Saturday, August 1, 2009

We Need To Talk...

It took decades to teach the American public that their slaves were not "livestock", but human beings; that drunk driving is not an "accident", but a crime; that beating a child is not "punishment", but abuse. It will take that long, or longer, to teach our society that religious beliefs are not "glorious", but lead to wasted lives, with believers wishing and hoping, for their entire lifetimes, to avoid the reality of death through the "promise" of Paradise. Religious beliefs lead to zealous violence, with believers murdering, either singly or en masse, those whom they feel are "sinners" or "infidels", thinking that their god wants the unbelievers dead. (And the Old Testament shows again and again that the biblical god is more than willing and perfectly capable of performing his own murders.) Religious notions prompt parents to allow their children to die of treatable diseases, because obtaining medical help would show that they lack faith in their god; so everyone prays for a miracle until the child is beyond any doctor's skills (which, ironically, would more than likely provide the "miracle" cure that the sick are looking for).

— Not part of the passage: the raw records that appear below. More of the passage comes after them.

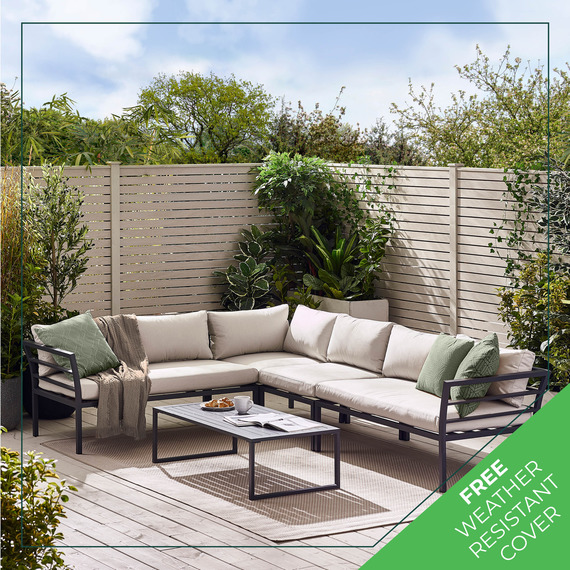 Metal Outdoor Sofa Set - Montenegro Grey Metal Corner Sofa and Table - 6 Seat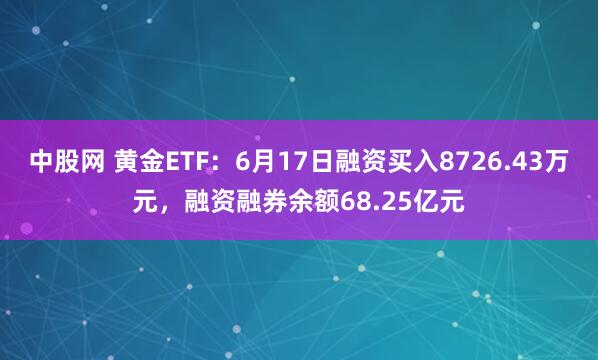 中股网 黄金ETF：6月17日融资买入8726.43万元，融资融券余额68.25亿元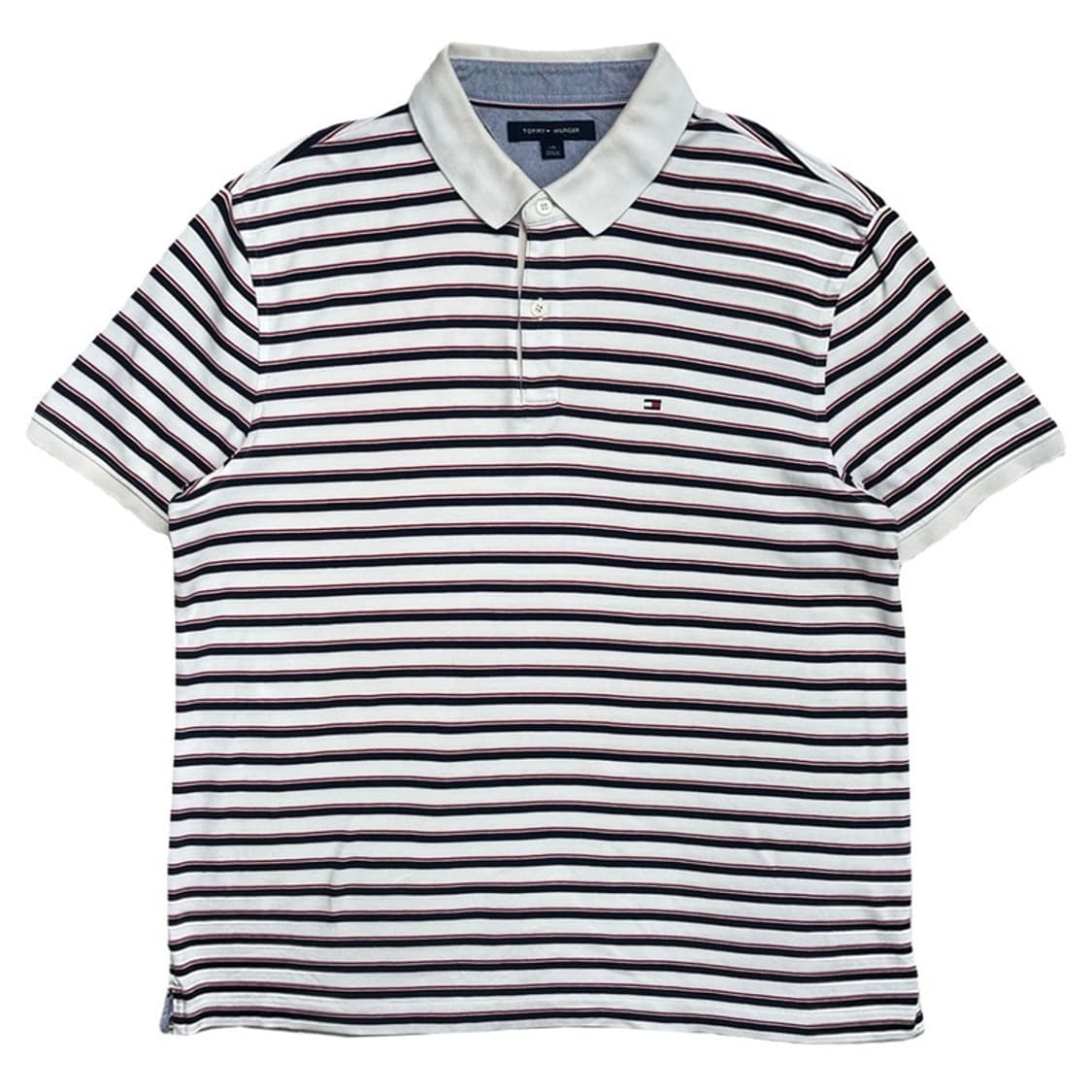 TOMMY HILFIGER PK 스트라이프 카라티 화이트 L/G 상품이미지1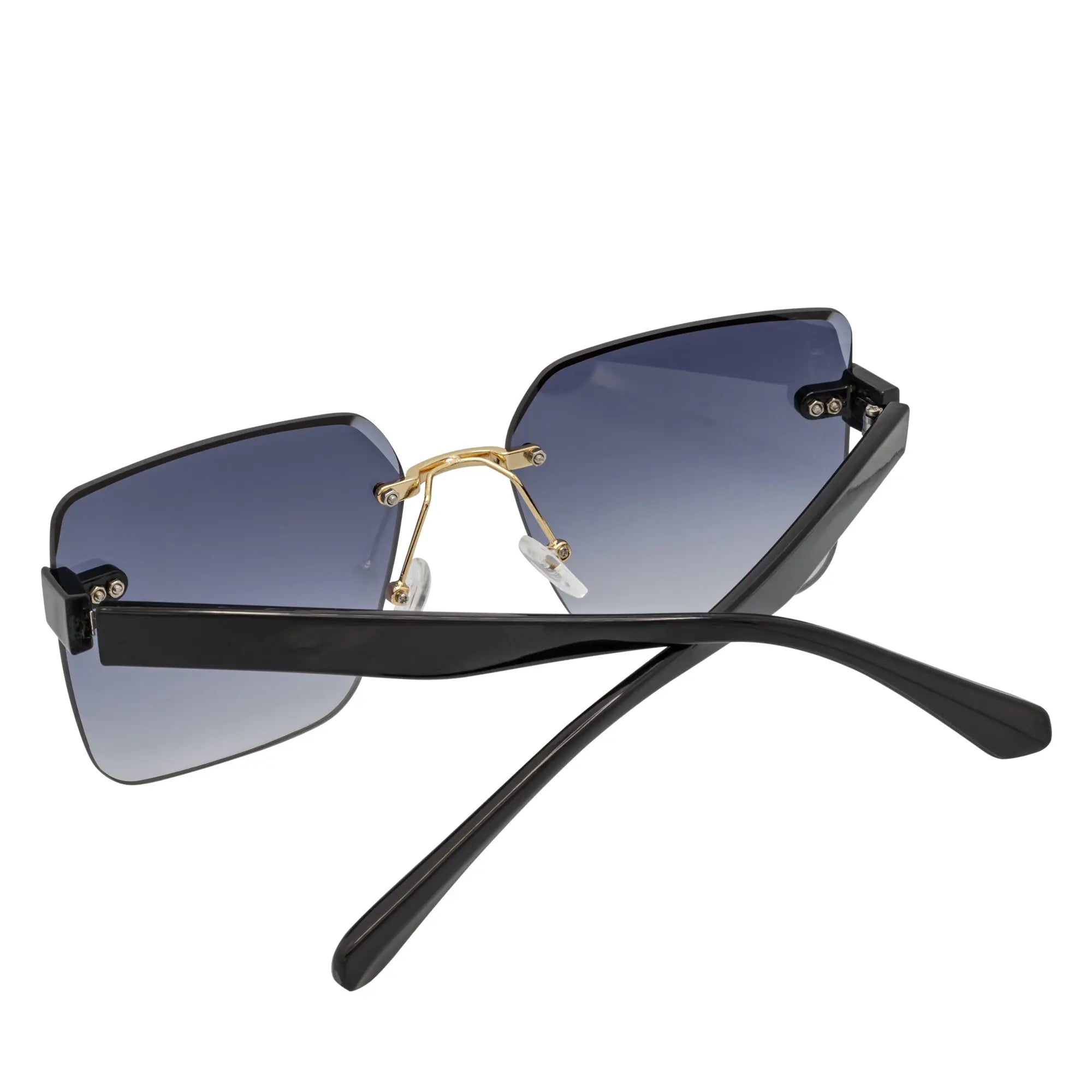 CASCADE - Rimless Oversize Square Sunglasses Black-Gold Lavender Morspecs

All the good and charitable works that the religious feel they "own" are also achieved by the non-religious. People do not need to follow Jesus, or Mohammad, or Buddha, or Isis, or any other religious character, in order to be loving, generous, compassionate, and wise. Spirituality and similar comforts of existence can grow from other, non-religious, natural, and reasonable, roots. The end of religion will not end charity, love, or wisdom, but it will reduce acts of violence, bigotry and neglect carried out in the name of the Lord.